━━━━━ Data shown ━━━━━
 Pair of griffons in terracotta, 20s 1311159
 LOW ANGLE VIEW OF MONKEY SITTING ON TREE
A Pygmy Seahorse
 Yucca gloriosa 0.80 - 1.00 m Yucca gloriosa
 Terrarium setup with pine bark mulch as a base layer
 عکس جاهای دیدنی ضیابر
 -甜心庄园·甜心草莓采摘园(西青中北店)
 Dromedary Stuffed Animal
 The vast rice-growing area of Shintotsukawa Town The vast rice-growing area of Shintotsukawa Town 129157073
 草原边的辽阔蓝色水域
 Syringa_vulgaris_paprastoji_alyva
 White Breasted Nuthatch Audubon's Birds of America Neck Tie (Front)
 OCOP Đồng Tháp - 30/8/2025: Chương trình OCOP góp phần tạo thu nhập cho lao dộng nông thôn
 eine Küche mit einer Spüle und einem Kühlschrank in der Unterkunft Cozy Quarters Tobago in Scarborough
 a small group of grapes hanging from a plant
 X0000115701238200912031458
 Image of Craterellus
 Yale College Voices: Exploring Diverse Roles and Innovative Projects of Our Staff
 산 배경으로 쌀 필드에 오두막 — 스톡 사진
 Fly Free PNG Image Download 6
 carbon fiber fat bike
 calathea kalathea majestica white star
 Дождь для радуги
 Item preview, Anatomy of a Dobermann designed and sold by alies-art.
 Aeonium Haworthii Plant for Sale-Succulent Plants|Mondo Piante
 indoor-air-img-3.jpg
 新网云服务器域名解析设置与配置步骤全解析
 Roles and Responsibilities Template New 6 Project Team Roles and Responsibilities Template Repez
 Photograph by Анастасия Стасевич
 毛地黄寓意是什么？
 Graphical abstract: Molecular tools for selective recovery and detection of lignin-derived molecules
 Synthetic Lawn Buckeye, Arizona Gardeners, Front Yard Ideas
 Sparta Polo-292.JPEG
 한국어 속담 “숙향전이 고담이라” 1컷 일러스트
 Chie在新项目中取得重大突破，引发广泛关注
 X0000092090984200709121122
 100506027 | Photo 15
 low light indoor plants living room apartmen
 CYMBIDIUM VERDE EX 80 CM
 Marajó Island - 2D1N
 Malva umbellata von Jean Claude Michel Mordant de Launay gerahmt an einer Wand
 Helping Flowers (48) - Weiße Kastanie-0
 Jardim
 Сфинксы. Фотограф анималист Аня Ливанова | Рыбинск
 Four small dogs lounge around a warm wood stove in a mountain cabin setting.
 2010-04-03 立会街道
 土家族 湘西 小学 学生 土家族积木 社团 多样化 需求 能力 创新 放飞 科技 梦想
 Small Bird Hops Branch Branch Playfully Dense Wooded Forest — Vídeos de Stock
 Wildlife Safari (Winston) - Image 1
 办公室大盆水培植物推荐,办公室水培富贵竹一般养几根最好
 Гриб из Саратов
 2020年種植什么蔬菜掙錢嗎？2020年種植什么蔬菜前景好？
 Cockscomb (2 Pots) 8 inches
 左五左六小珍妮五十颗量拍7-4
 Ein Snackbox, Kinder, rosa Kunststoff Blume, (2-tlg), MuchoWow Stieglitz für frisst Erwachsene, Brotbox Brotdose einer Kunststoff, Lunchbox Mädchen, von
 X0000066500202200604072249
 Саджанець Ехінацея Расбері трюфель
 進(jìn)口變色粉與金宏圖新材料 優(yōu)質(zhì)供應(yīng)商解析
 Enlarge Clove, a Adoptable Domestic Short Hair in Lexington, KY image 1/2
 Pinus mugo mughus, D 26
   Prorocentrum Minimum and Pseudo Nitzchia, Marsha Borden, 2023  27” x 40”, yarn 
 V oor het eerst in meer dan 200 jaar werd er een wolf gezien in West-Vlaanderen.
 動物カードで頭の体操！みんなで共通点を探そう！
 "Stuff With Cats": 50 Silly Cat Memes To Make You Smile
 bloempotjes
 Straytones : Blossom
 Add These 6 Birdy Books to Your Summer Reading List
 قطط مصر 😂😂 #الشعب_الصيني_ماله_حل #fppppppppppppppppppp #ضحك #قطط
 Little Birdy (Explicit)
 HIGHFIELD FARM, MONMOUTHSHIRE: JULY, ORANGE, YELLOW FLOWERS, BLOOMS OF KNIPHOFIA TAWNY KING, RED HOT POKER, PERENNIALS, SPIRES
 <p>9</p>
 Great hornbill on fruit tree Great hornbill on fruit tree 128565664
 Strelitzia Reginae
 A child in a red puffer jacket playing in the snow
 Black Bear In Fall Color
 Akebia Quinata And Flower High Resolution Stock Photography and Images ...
━━━━━
*Description of the task:*
Please filter the entries for the word "einer" and copy the lines that have it.

*Worked solution:*
 eine Küche mit einer Spüle und einem Kühlschrank in der Unterkunft Cozy Quarters Tobago in Scarborough
 Malva umbellata von Jean Claude Michel Mordant de Launay gerahmt an einer Wand
 Ein Snackbox, Kinder, rosa Kunststoff Blume, (2-tlg), MuchoWow Stieglitz für frisst Erwachsene, Brotbox Brotdose einer Kunststoff, Lunchbox Mädchen, von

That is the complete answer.